[PROBLEM DESCRIPTION]: In the records below, repeat word for word only the lines starting at the one that contains "The Fifth Foundation/Product Detail/Dance" and ending at the one that contains "KASET PITA WILL SMITH HITCH", pictures excluded.

[DATA EXCERPTS]:
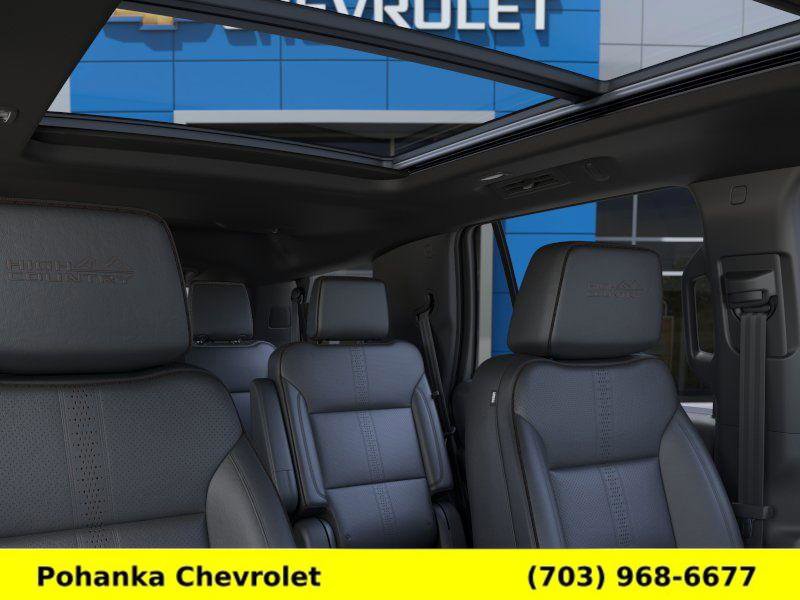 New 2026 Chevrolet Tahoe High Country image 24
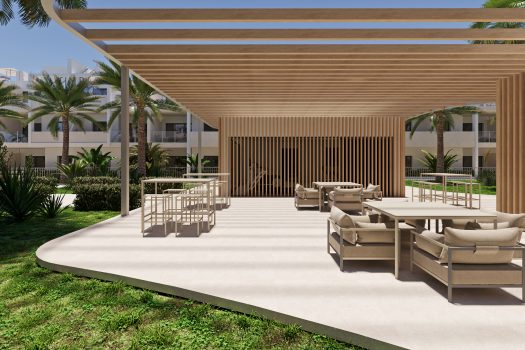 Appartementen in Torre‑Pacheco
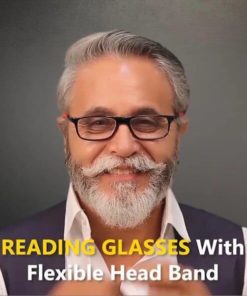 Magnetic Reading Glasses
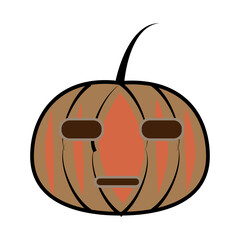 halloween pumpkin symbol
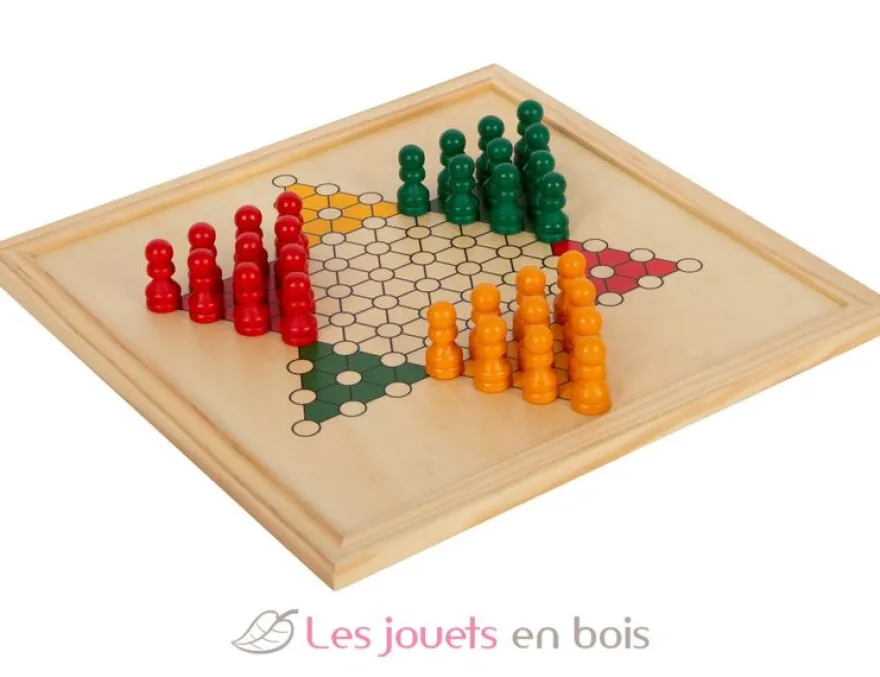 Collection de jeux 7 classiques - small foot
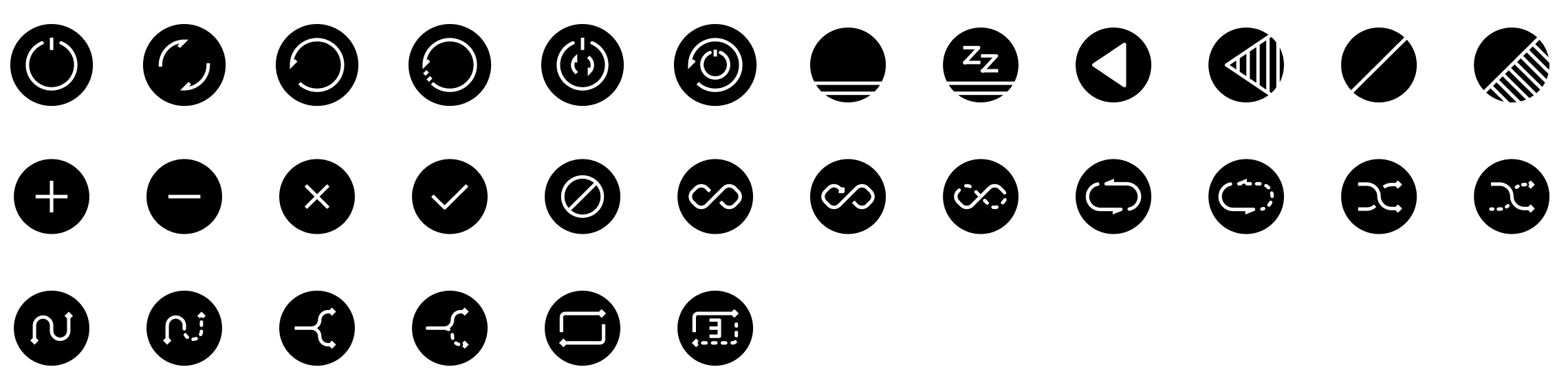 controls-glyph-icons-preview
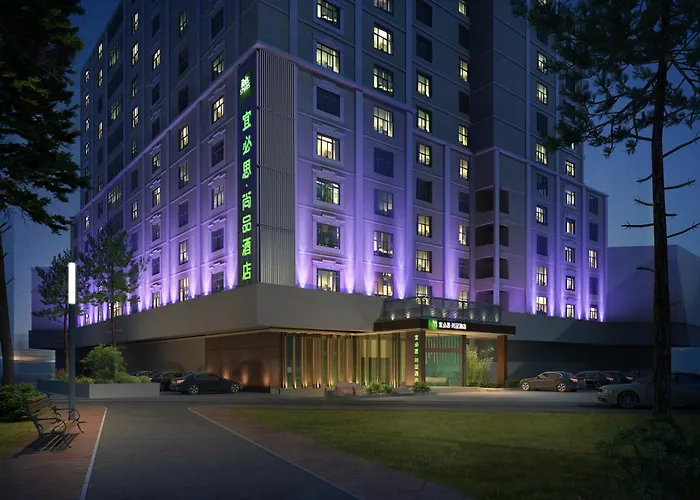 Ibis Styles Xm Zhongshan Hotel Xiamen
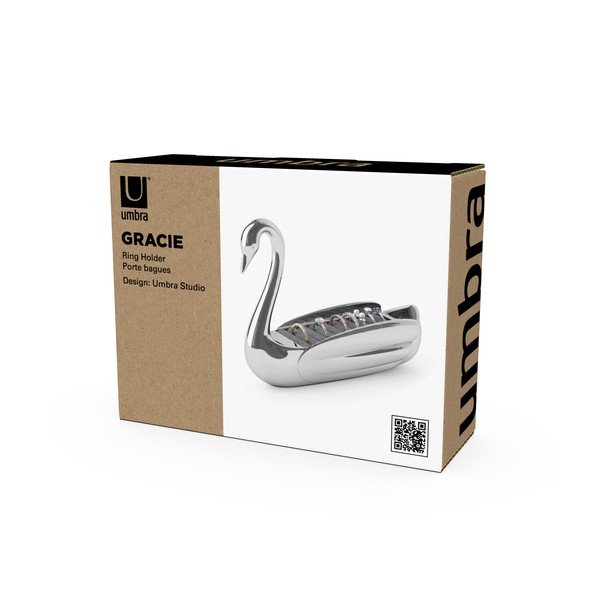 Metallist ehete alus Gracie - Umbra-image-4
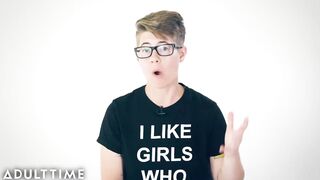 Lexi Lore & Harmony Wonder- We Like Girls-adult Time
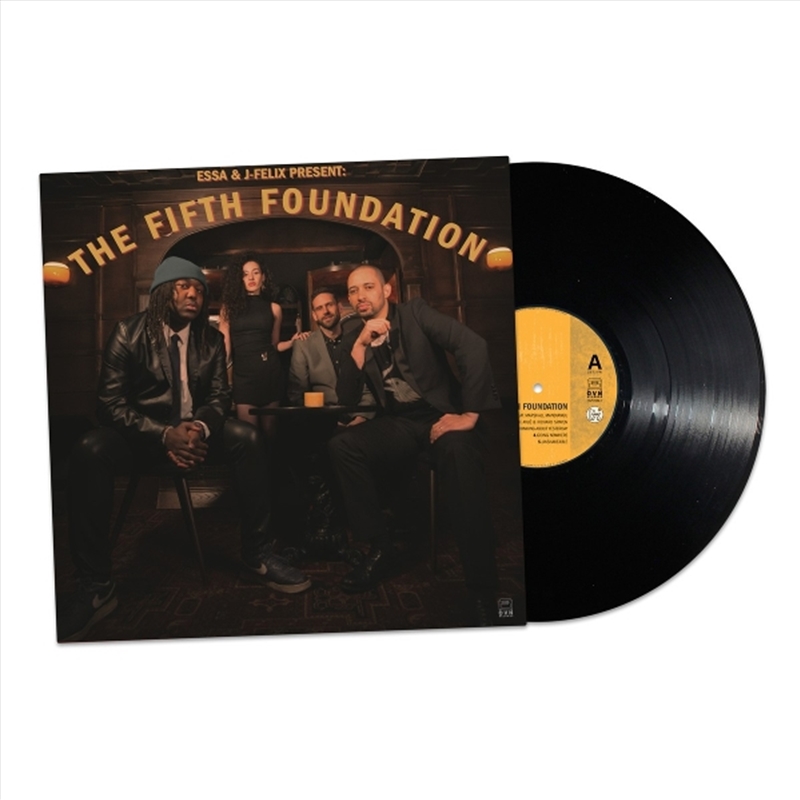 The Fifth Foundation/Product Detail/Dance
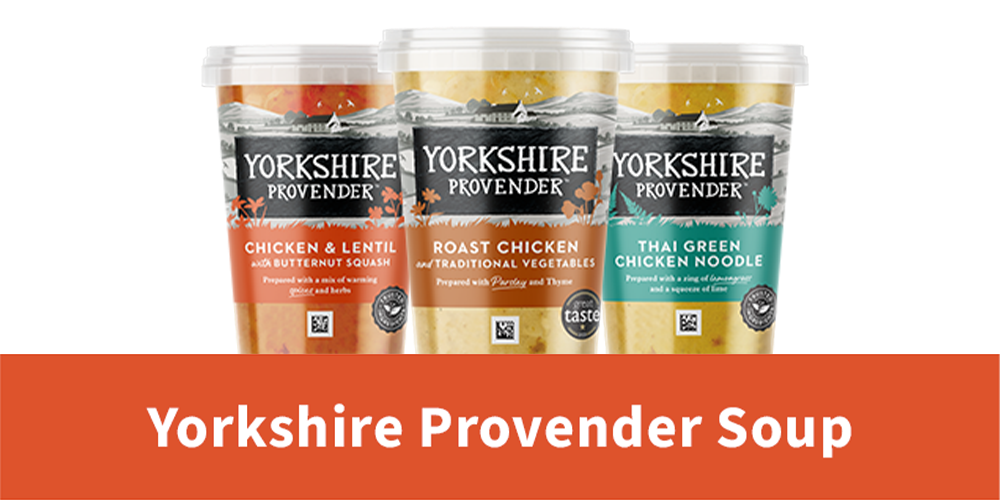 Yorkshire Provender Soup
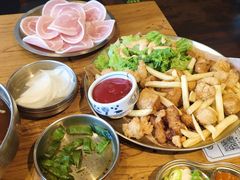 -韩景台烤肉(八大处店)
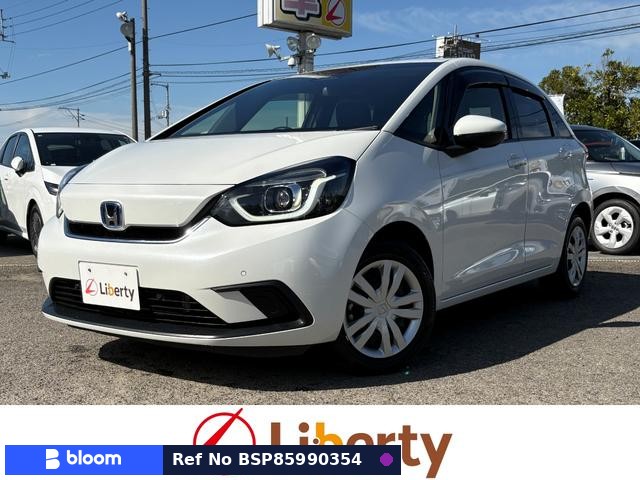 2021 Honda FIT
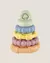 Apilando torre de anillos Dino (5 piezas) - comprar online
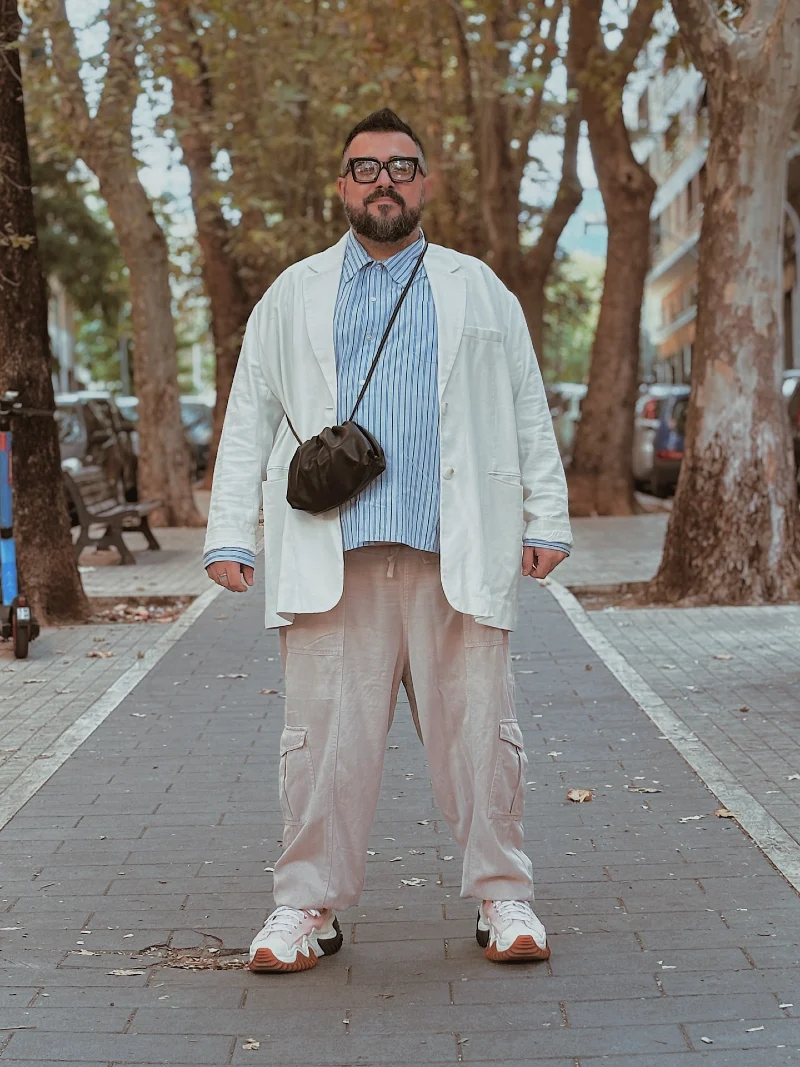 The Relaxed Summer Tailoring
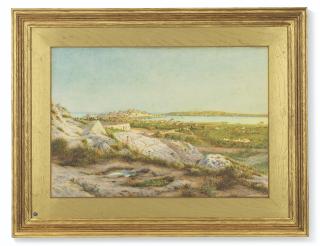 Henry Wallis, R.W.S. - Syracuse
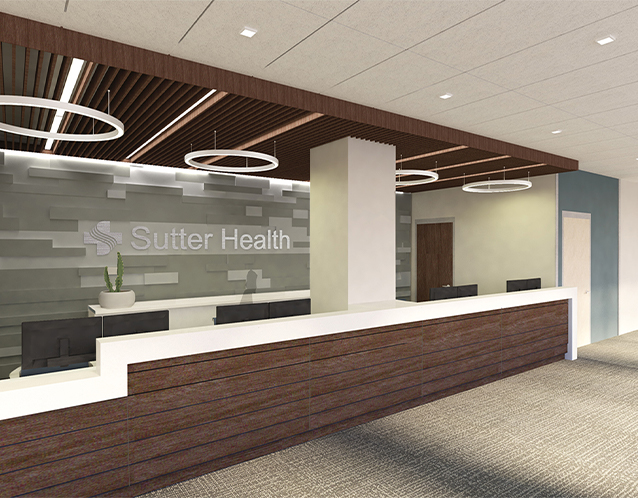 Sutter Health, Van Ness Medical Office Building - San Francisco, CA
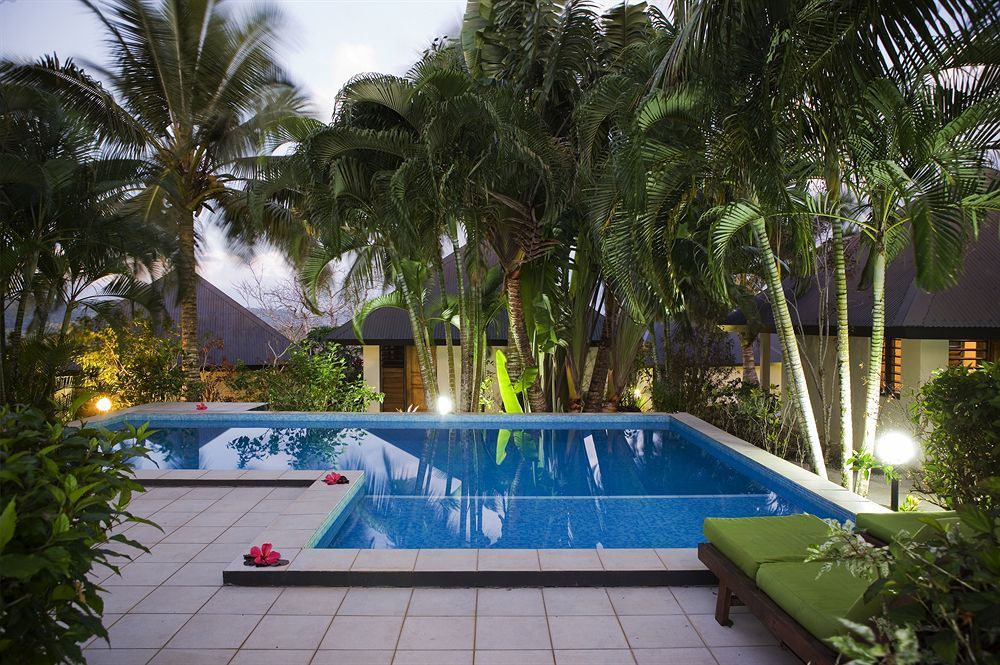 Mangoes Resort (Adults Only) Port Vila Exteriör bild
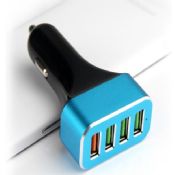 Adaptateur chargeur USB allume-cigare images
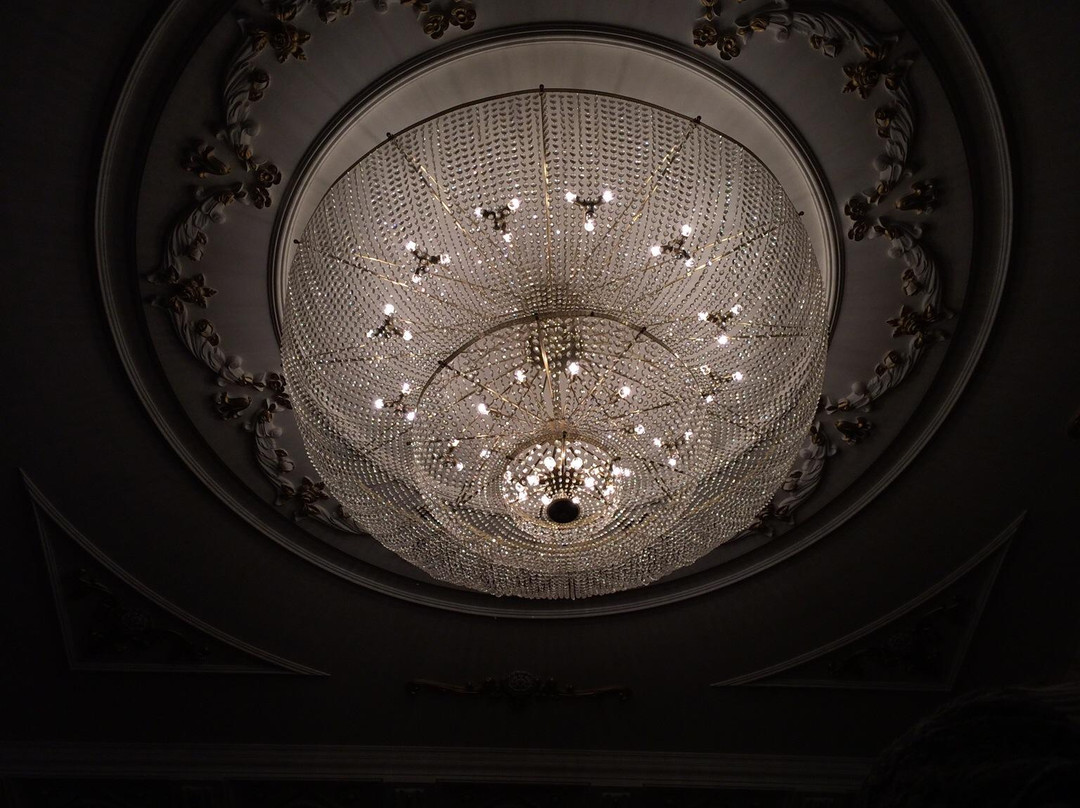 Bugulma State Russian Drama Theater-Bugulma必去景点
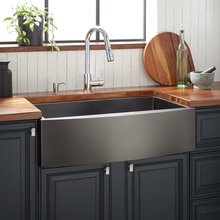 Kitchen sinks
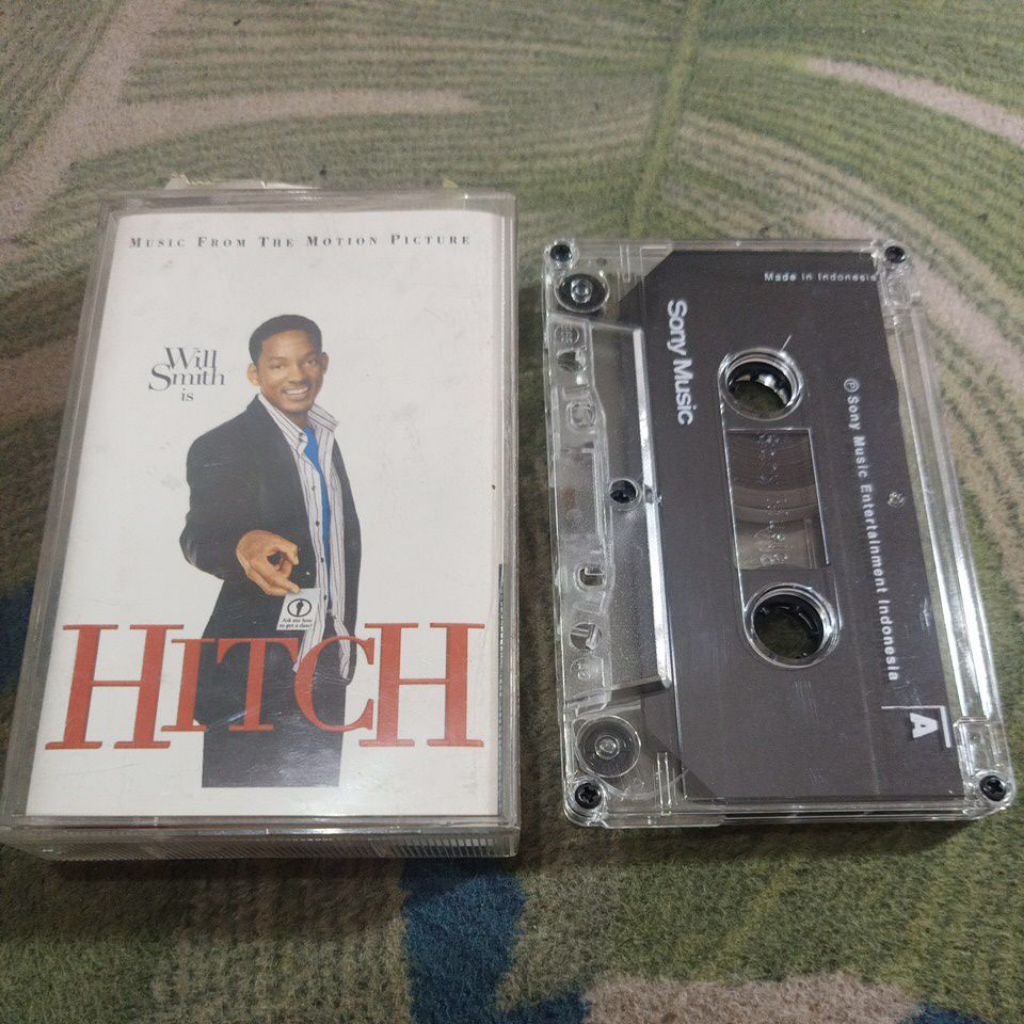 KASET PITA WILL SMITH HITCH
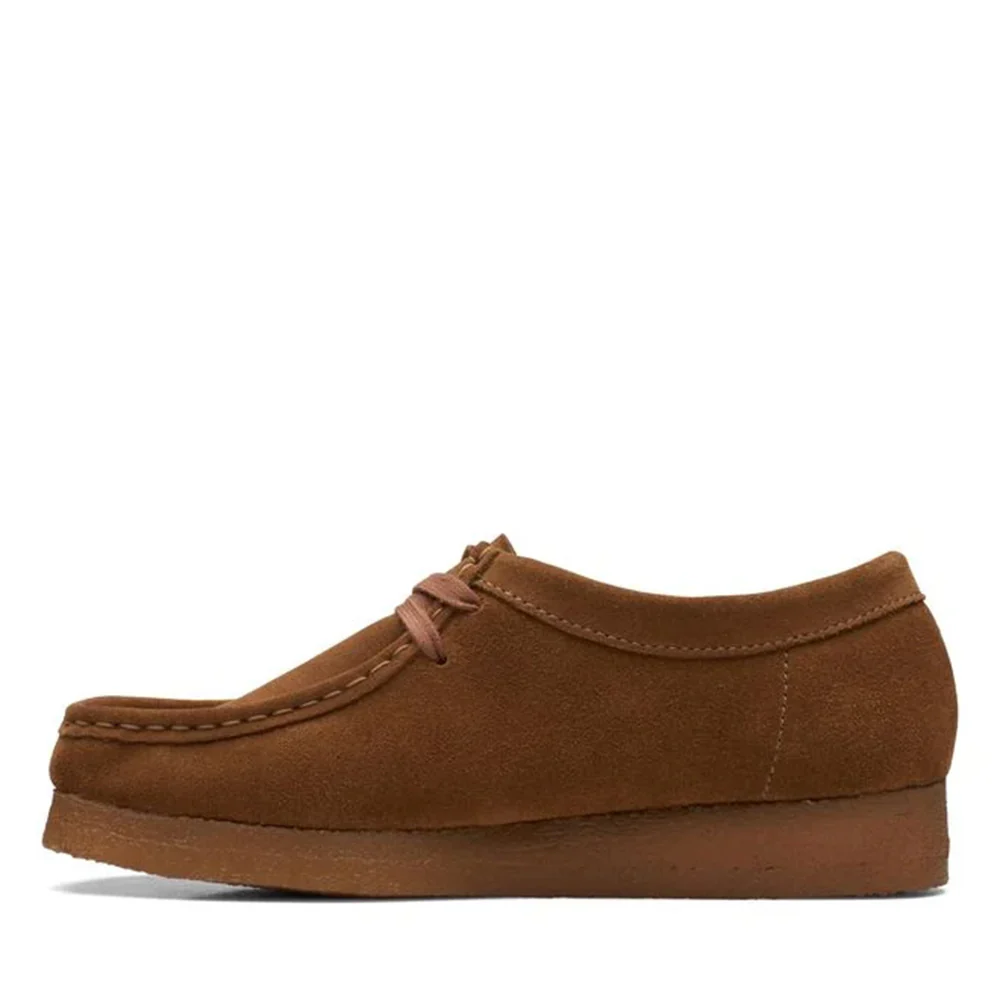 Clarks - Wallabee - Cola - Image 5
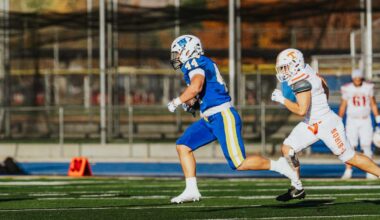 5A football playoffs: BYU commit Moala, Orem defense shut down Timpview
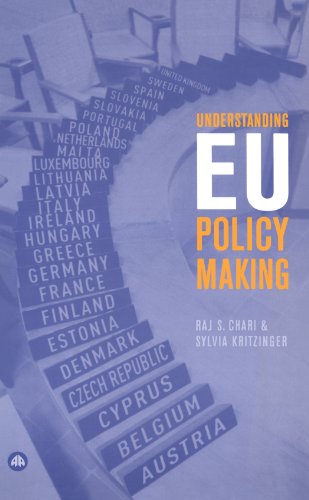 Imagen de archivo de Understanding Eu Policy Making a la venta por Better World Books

[ANSWER]:
 The Fifth Foundation/Product Detail/Dance
 Yorkshire Provender Soup
 -韩景台烤肉(八大处店)
 2021 Honda FIT
 Apilando torre de anillos Dino (5 piezas) - comprar online
 The Relaxed Summer Tailoring
 Henry Wallis, R.W.S. - Syracuse
 Sutter Health, Van Ness Medical Office Building - San Francisco, CA
 Mangoes Resort (Adults Only) Port Vila Exteriör bild
 Adaptateur chargeur USB allume-cigare images
 Bugulma State Russian Drama Theater-Bugulma必去景点
 Kitchen sinks
 KASET PITA WILL SMITH HITCH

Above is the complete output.